Beispiele für bionische Architektur
Besonders für materialsparende Konstruktionen sind natürliche Strukturen meist der beste Ideengeber. Deshalb ist es vor allem die Leichtbauweise, die sich immer wieder etwas von der Natur abguckt. Was nicht gebraucht wird, hat dort schließlich auch nicht lange Bestand. Doch auch in anderen Bereichen kann bionische Architektur helfen nachhaltiger zu bauen, wie einige international bewunderte Bauwerke beweisen.
1. Eiffelturm in Paris
Der Eiffelturm in Paris ist das bekannteste Beispiel für einen gelungenen Leichtbau mit natürlichem Vorbild: Das Wahrzeichen der französischen Hauptstadt ist einem menschlichen Oberschenkelknochen nachempfunden. Dieser hält durch die Anordnung der Knochenbälkchen und der zugehörigen Hohlräume besonders hohen Belastungen stand. Ähnlich standhaft ist der Eiffelturm – trotz minimalem Materialeinsatz. Bei einer Höhe von 324 Metern wiegt er insgesamt 10.100 Tonnen, seine Stahlkonstruktion sogar nur 7.300 Tonnen. Zum Vergleich: Der lediglich durch seine Antenne etwas höhere Fernsehturm in Berlin (369 Meter) bringt mit 26.000 Tonnen wesentlich mehr auf die Waage.

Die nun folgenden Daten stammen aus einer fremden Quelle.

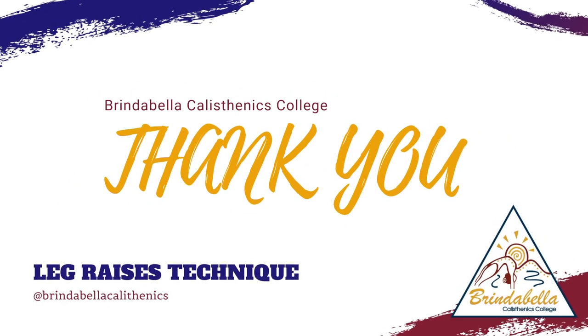Thank you again for joining us today in another Brindabella Calisthenics College Technique Series focusing on leg raises. We hope that you enjoyed our video and that your leg raise technique builds from strength to strength. See you next time.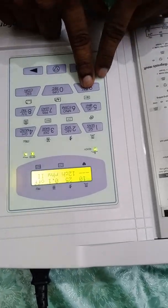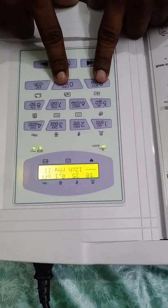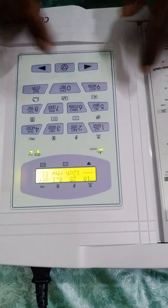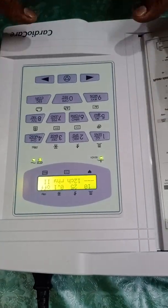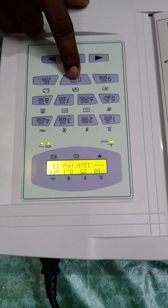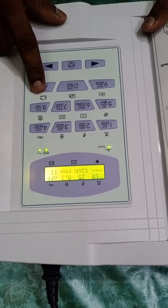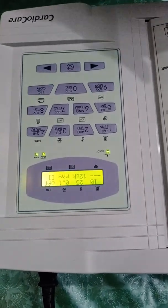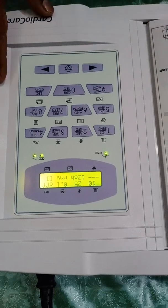These are the three recording options. The first is the rhythm-wise recording option. The second is the standard recorded printing option — this is the main important recording button we use. The third is the copy recording option. When a doctor requests a particular rhythm for clarification you can use the first button, but for a simple primary ECG diagnosis you use the standard record button. Once an ECG is already recorded, the copy button lets you print another copy without re-recording the patient.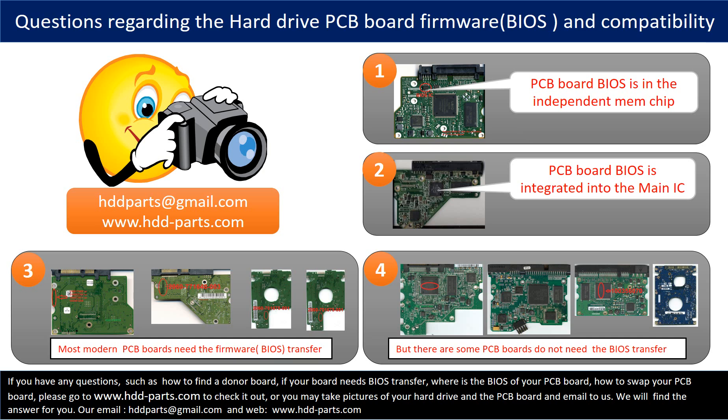If you have any questions — such as how to find a donor board, whether your board needs a BIOS transfer, where the BIOS of your PCB board is located, or how to swap your PCB board — please go to www.hdd-parts.com to check it out. Or you may take pictures of your hard drive under the PCB board and email them to us. We will give you the correct answer.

2. Eastgate Center in Simbabwe
Ein weiteres beliebtes Beispiel für bionische Architektur ist das Eastgate Center in Simbabwe. Das Belüftungssystem des in der Hauptstadt Harare gelegenen Bürokomplexes samt Einkaufszentrum ist einem Termitenbau nachempfunden – und sorgt dafür, dass sich das Gebäude selbst kühlt. Dabei wird die kalte Nachtluft genutzt: Ventilatoren blasen diese durch unzählige Kanäle, wie sie auch in Termitenbauten vorkommen. Die Kanäle führen direkt am Beton vorbei. Dieser speichert die Kälte und hilft dann tagsüber das Gebäude zu kühlen, indem er die Hitze aufnimmt. Im Vergleich zu anderen Gebäuden in der Umgebung spart das Eastgate Center so teilweise mehr als die Hälfte an Stromkosten ein.
3. Olympiadach in München
Hierzulande ist vor allem das Olympiadach in München für seine Bionik-Architektur bekannt. Die Seilnetzkonstruktion überspannt Teile des Olympiastadions sowie die Mehrzweckhalle und die Schwimmhalle im Olympiapark. Seine Ähnlichkeit mit einem Spinnennetz ist kaum zu übersehen. Unter anderem daran orientierten sich die Architekten auch bei ihrem Entwurf. Auf knapp 75.000 Quadratmetern verfügt das Dach heute über 137.000 Knotenpunkte, mithilfe derer Acrylplatten getragen werden, die die überdachten Flächen trockenhalten – eine besonders leichte Konstruktion, die trotzdem widerstandsfähig und materialsparend ist. Der beeindruckende Bau steht nicht umsonst mittlerweile unter Denkmalschutz.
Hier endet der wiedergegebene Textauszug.